The NIST research report is the first to quantify efficiency losses due to common installation errors documented in field surveys.
"Our measurements indicate that improper installation could increase household energy use for space heating and cooling on the order of 30 percent over what it should be," says Piotr Domanski, who leads NIST research on the performance of HVAC (heating, ventilation, and air conditioning) and refrigeration equipment.
Domanski, Hugh Henderson of CDH Energy Corp., and NIST mechanical engineer Vance Payne undertook their three-year measurement and modeling study in response to surveys and other field evidence indicating that, as "typically installed," HVAC equipment may waste considerable energy.

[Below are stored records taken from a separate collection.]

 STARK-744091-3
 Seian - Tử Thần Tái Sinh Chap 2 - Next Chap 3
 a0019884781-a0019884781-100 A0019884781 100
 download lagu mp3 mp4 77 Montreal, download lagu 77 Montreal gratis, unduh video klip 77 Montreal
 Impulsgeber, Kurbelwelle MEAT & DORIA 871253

Commonly reported installation errors—or faults—include leaky ducts, improper refrigerant charge, oversizing of systems, and restricted air flow.
In surveys reviewed by the team, the majority of air-conditioning equipment evaluated in the field performed below rated energy-efficiency levels due to one or more installation faults. "Degraded equipment performance was commonly found in air conditioners, heat pumps, and related equipment," Domanski explains. "But most studies did not measure the increase in energy consumption due to a particular fault or combination of faults, which can be difficult to do in the field."

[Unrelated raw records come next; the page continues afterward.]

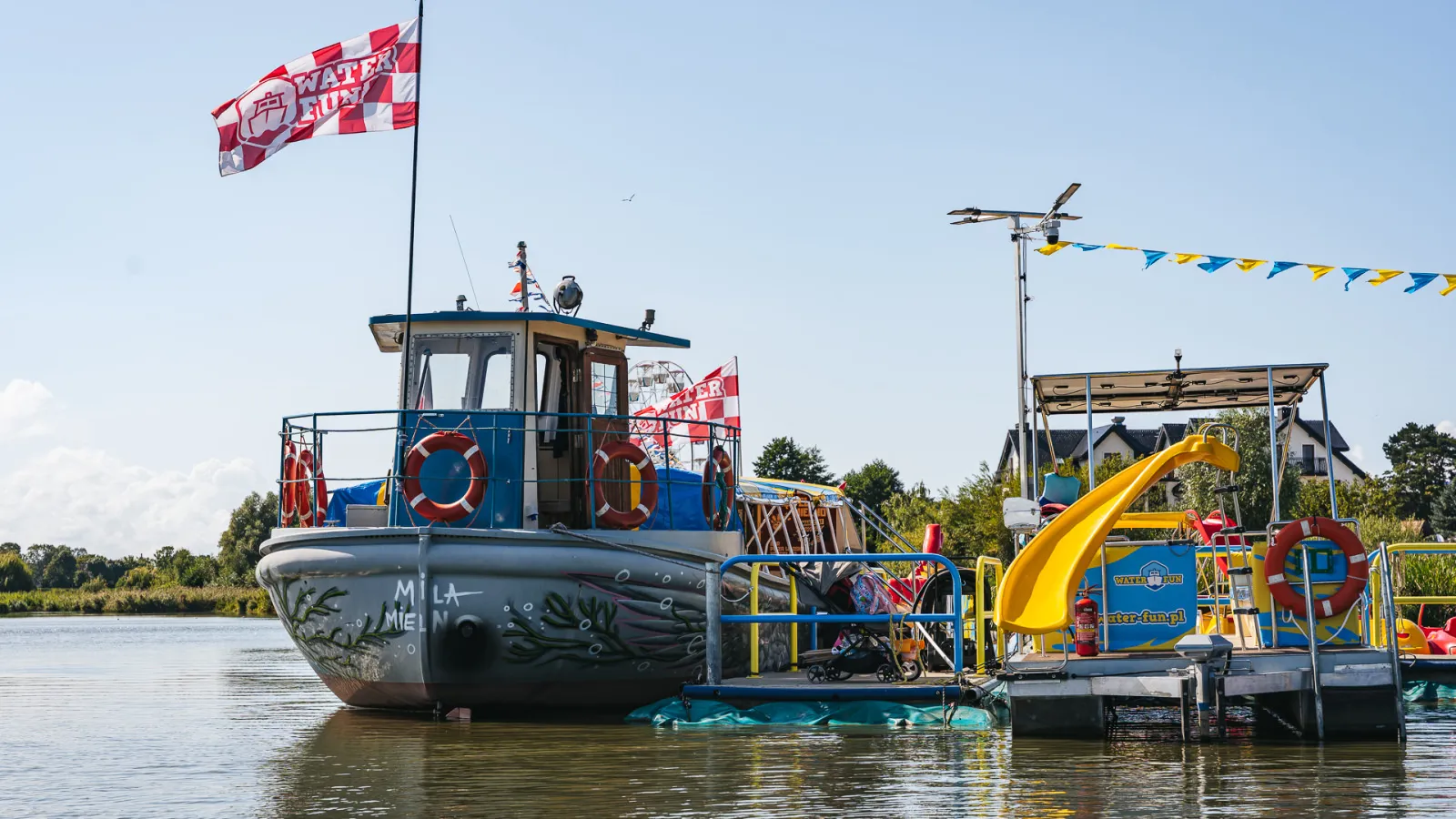 mielno-atrakcje-na-wodzie-wypozyczalnia-sprzetu-waterfun-11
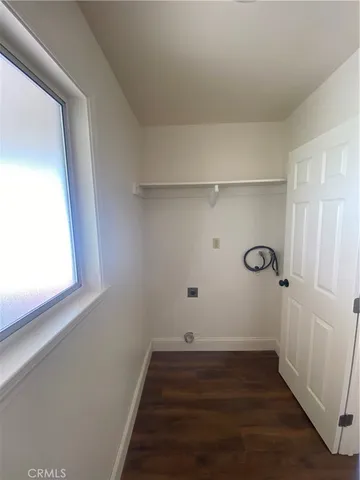 $1,700 | 19366 Mountain Meadow South, Unit B, Hidden Valley Lake, CA 95467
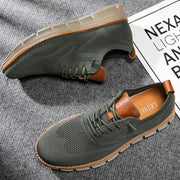 Carlos Hommes Chaussures - Casual Fresh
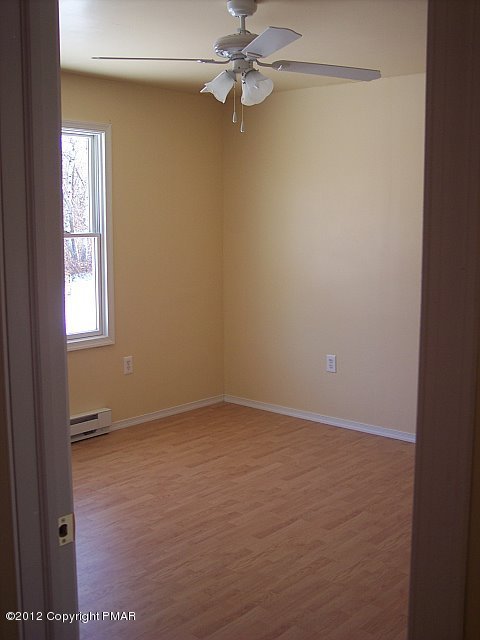 1646-5364) Clover Road Long Pond, PA 18334 - Photo 14 of 15 14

Under controlled environmental conditions, the team characterized the performance of a heat pump while operating with any one of seven commonly encountered faults. After determining how much each fault affected energy consumption in the laboratory, the researchers investigated how these same errors might impact energy use in two types of houses—one with a basement, the other built on a concrete slab—and in five different climate zones. This part of the analysis was conducted with a simulation tool developed by CDH Energy Corp.
Leaky air ducts emerged as the "dominant fault." Refrigerant undercharge and incorrect indoor airflow due to improperly sized ductwork followed as the most significant cause of increased energy use. Other findings include:
For six of the seven faults studied, associated increases in energy use are similar for slab-on-grade and basement houses. However, leaky air ducts installed in unconditioned attic space can cause the greatest increase in energy use in slab-on-grade houses.

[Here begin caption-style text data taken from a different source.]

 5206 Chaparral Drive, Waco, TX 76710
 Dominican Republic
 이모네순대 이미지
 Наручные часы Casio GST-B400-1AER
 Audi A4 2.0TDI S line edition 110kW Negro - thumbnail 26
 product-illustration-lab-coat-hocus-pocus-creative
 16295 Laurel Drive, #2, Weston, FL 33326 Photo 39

In hot and humid climates, duct leakage substantially increases indoor relative humidity, reducing human comfort. Occupants will typically lower the thermostat to compensate, which significantly increases energy use.
With a few exceptions, simultaneous faults have additive effects on energy consumption.
The bottom line: Sizing, selecting, and installing HVAC equipment according to industry-recognized procedures is critical to ensuring energy efficiency.
This NIST report constitutes the U.S. contribution to the recently completed Annex 36 Quality Installation/Quality Maintenance Sensitivity Analysis of the International Energy Agency and is the first of its kind to quantify the effects of improper installation. The report will serve as the scientific basis for guiding training requirements for equipment installers.